(Image-caption web data)
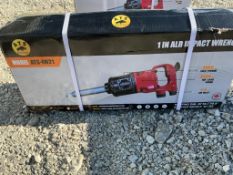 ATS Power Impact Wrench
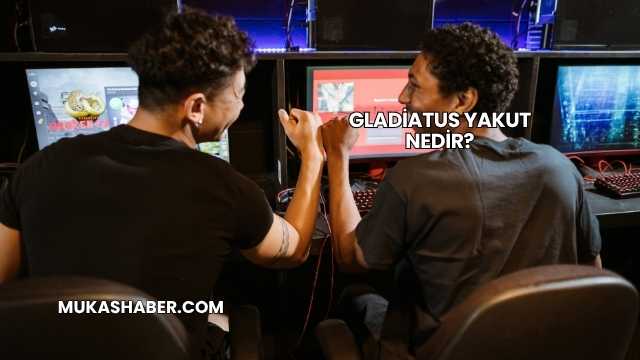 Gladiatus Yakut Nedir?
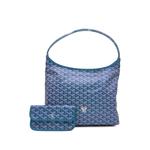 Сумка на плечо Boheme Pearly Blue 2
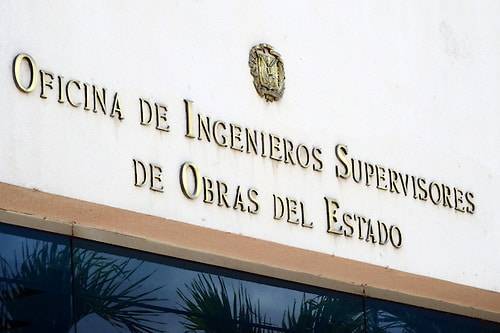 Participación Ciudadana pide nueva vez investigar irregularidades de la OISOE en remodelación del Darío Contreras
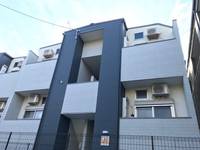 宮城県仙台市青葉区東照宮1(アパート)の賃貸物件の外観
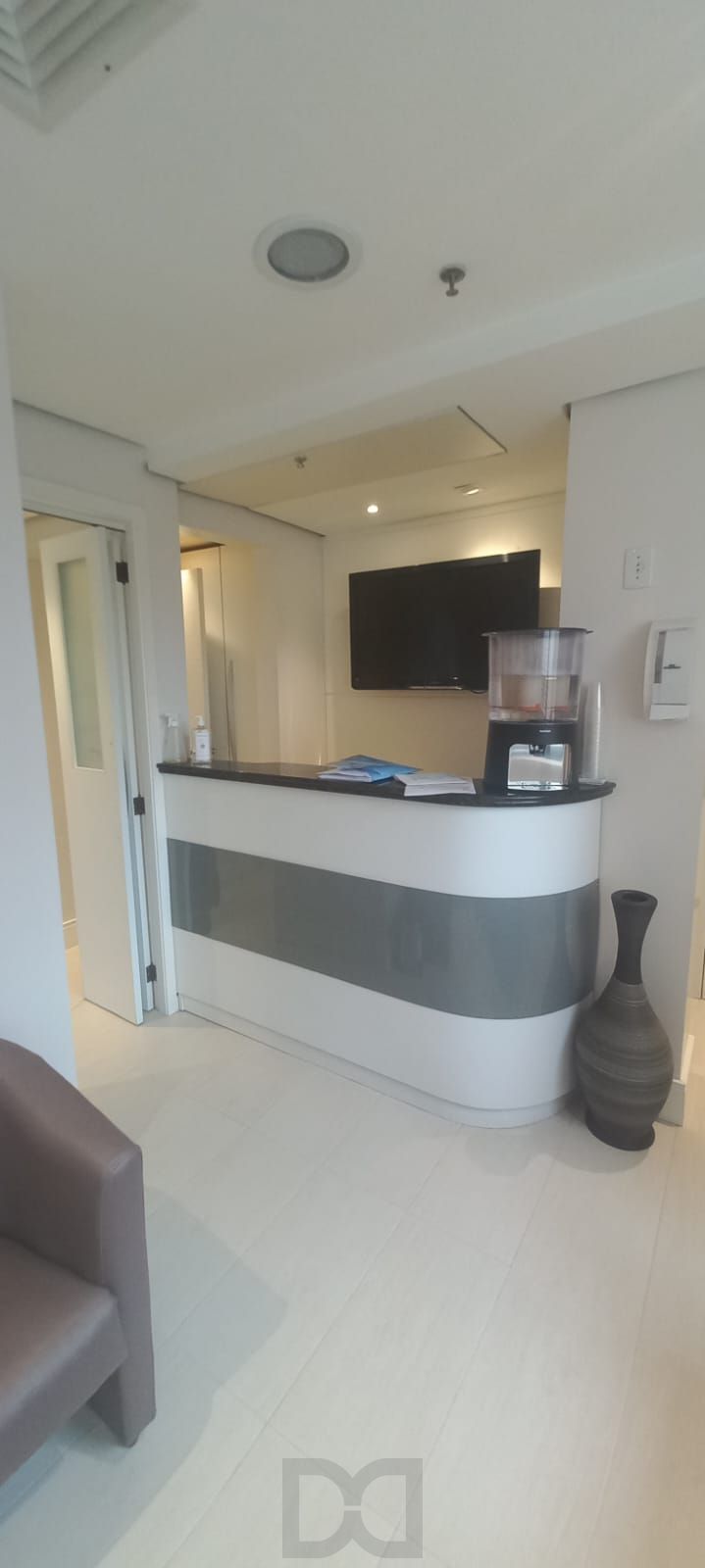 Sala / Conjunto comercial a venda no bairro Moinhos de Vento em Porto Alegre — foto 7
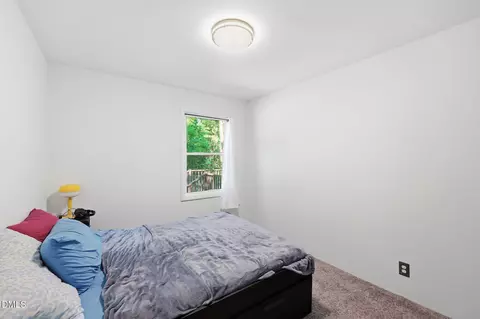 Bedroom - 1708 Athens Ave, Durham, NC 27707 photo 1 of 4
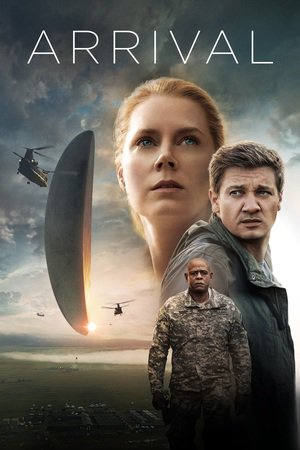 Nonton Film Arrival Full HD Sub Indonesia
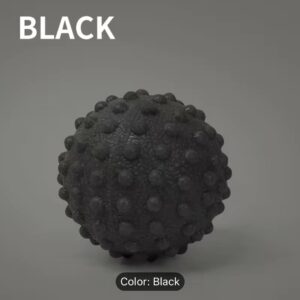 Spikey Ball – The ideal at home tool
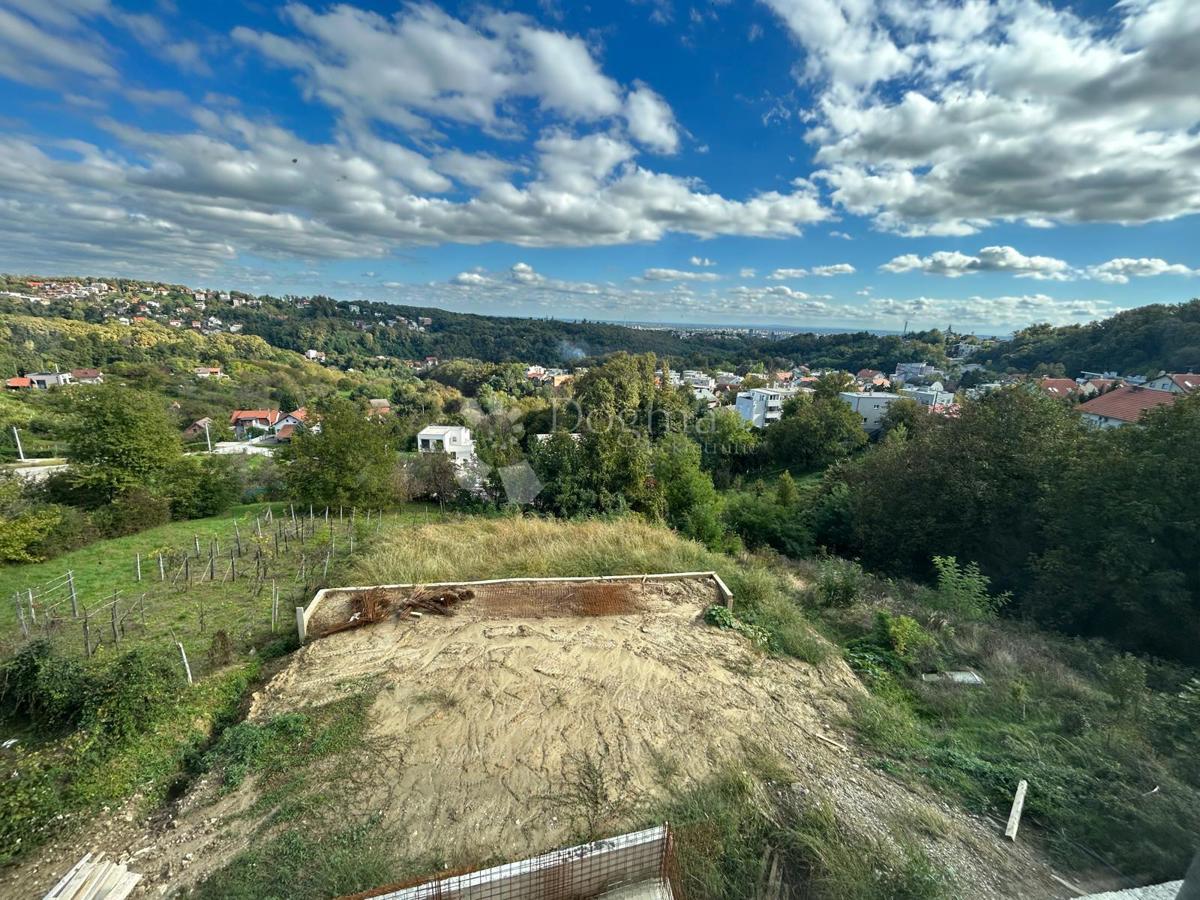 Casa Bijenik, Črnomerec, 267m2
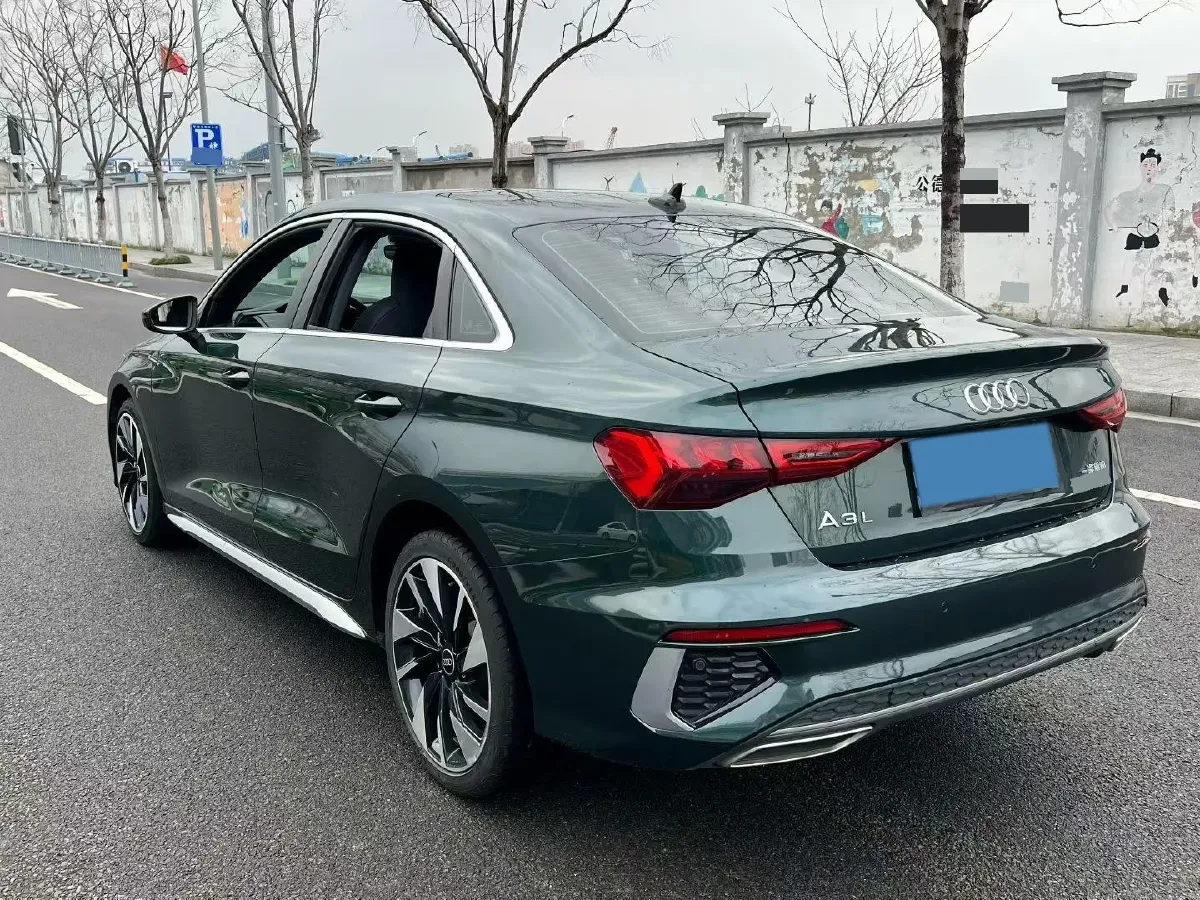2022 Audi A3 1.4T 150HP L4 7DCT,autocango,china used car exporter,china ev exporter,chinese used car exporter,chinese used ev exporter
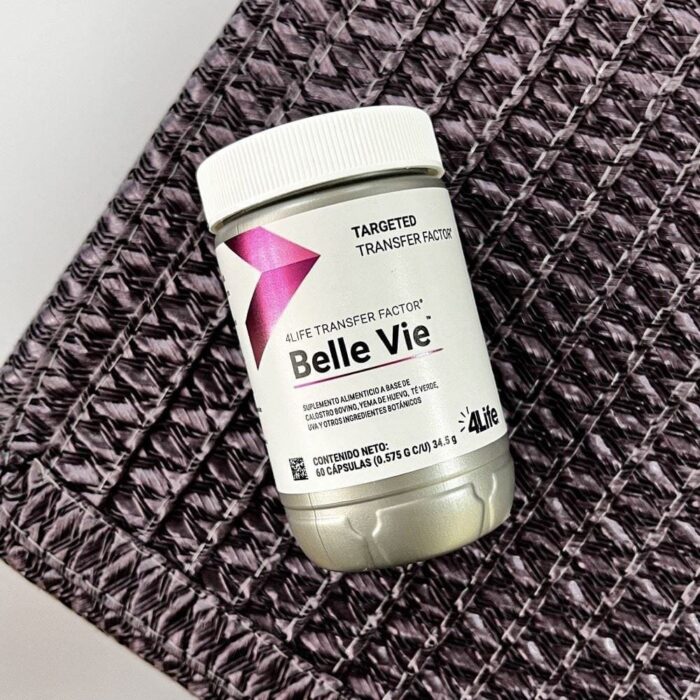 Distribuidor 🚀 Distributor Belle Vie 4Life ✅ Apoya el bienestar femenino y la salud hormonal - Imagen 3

_What you are asked to do:_ Transcribe all data precisely. Pictures are not copied.

_Answer:_
 ATS Power Impact Wrench
 Gladiatus Yakut Nedir?
 Сумка на плечо Boheme Pearly Blue 2
 Participación Ciudadana pide nueva vez investigar irregularidades de la OISOE en remodelación del Darío Contreras
 宮城県仙台市青葉区東照宮1(アパート)の賃貸物件の外観
 Sala / Conjunto comercial a venda no bairro Moinhos de Vento em Porto Alegre — foto 7
 Bedroom - 1708 Athens Ave, Durham, NC 27707 photo 1 of 4
 Nonton Film Arrival Full HD Sub Indonesia
 Spikey Ball – The ideal at home tool
 Casa Bijenik, Črnomerec, 267m2
2022 Audi A3 1.4T 150HP L4 7DCT,autocango,china used car exporter,china ev exporter,chinese used car exporter,chinese used ev exporter
 Distribuidor 🚀 Distributor Belle Vie 4Life ✅ Apoya el bienestar femenino y la salud hormonal - Imagen 3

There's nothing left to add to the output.